Canadian Sweet Firm in search of style testers keen to strive 3,500 candies per thirty days


Canada’s Candy Funhouse is hiring a “candy director” earning an annual salary of C$100,000 ($77,786) as their top taste tester, tasked with trying more than 3,500 candies each month, or an average of more than 100 tablets per day.

The eye-catching role has garnered widespread attention – a moment for fickleness in the stressful but dreary field of job listings.

In this role, you will approve candy for sale and make decisions on whether to award the “CCO Seal of Approval”. This all happens in the company’s “Candy Intelligence Agency”.

You will lead the company’s “candy strategy” and run “candy board meetings”. Oh, and you will to be in charge of among “everything interesting.”

It’s open to anyone living in North America, ages 5 and up, coats list.
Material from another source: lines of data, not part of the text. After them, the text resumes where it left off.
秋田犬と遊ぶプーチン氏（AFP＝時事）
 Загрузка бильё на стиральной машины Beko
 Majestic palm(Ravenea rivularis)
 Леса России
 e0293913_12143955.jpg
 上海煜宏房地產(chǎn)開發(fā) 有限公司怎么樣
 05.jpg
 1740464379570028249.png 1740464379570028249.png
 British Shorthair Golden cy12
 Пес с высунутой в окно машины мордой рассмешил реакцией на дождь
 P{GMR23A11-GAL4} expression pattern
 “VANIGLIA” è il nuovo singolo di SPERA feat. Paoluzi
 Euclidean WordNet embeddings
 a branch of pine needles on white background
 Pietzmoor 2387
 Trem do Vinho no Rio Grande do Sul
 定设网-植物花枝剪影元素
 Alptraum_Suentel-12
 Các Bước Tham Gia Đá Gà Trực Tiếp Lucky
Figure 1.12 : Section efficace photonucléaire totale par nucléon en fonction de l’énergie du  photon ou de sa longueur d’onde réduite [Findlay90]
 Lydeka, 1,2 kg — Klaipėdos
Food allergies are not allowed.

A number of proud parents have posted about their children applying – including an 8-year-old already have learned how to use LinkedIn and “the importance of a strong resume”.

You need “golden taste buds” and “a clear sweet tooth,” according to the job posting.

This role comes with an “extended dental plan”.

The list may have attracted attention, but its role is not so trivial.

Hershey last month posted a “part-time taste tester” job – for a “sensory workshop participant” who can “distinguish differences in patterns of texture, texture,” assessed through through a “vision test,” the listing said.

Anna Lingeris, head of brand promotion at the Hershey Company, told The Washington Post that taste testers undergo six months of training to identify specific tastes as part of a research team and Hershey’s development. “Chocolate and our wide range of snack products can be quite complicated,” she says.

Separately, more than 500 employees have signed up to taste the products, alongside chocolates and snacks that fill conference rooms and cafes, without any obligation to provide input, she said.

Mars Inc. – home of M&Ms, Twix and Snickers – also has a similar role. One employee, Lisa Schroeder, a chocolate lover, got her start as a taste tester on Mars – a role based on “the ability to identify and describe flavors, tastes, and smells. applicant’s copy and structure”, Schroeder told Internal 2016.

Schroeder then became a “sensory technician,” helping to collect dashboard data to maintain product quality and consistency. “This program ensures that our most loved brands – such as M&M’s – taste just like they did 75 years ago and that our new products taste like humans. consumer expectations,” she told the outlet.

A man who has been sampling ice cream for decades as the “Official Taste Tester” for ice cream company Dreyer’s.

John Harrison’s taste buds are insured for 1 million dollars. He used a golden spoon to avoid any wooden or metal notes. He says he can instantly distinguish between 12% and 11.5% fat, just by taste. He test more than 60 flavors per day.

He spits out spoons at a time to avoid getting full.

His method has been refined: “Like a wine taster, I start with creamy white wines—Vanilla, French Vanilla, Vanilla Bean, Double Vanilla—and then work my way up. up to Bordeaux-Mint Chocolate Chip, Black Walnut,” he told World Magazine 2009.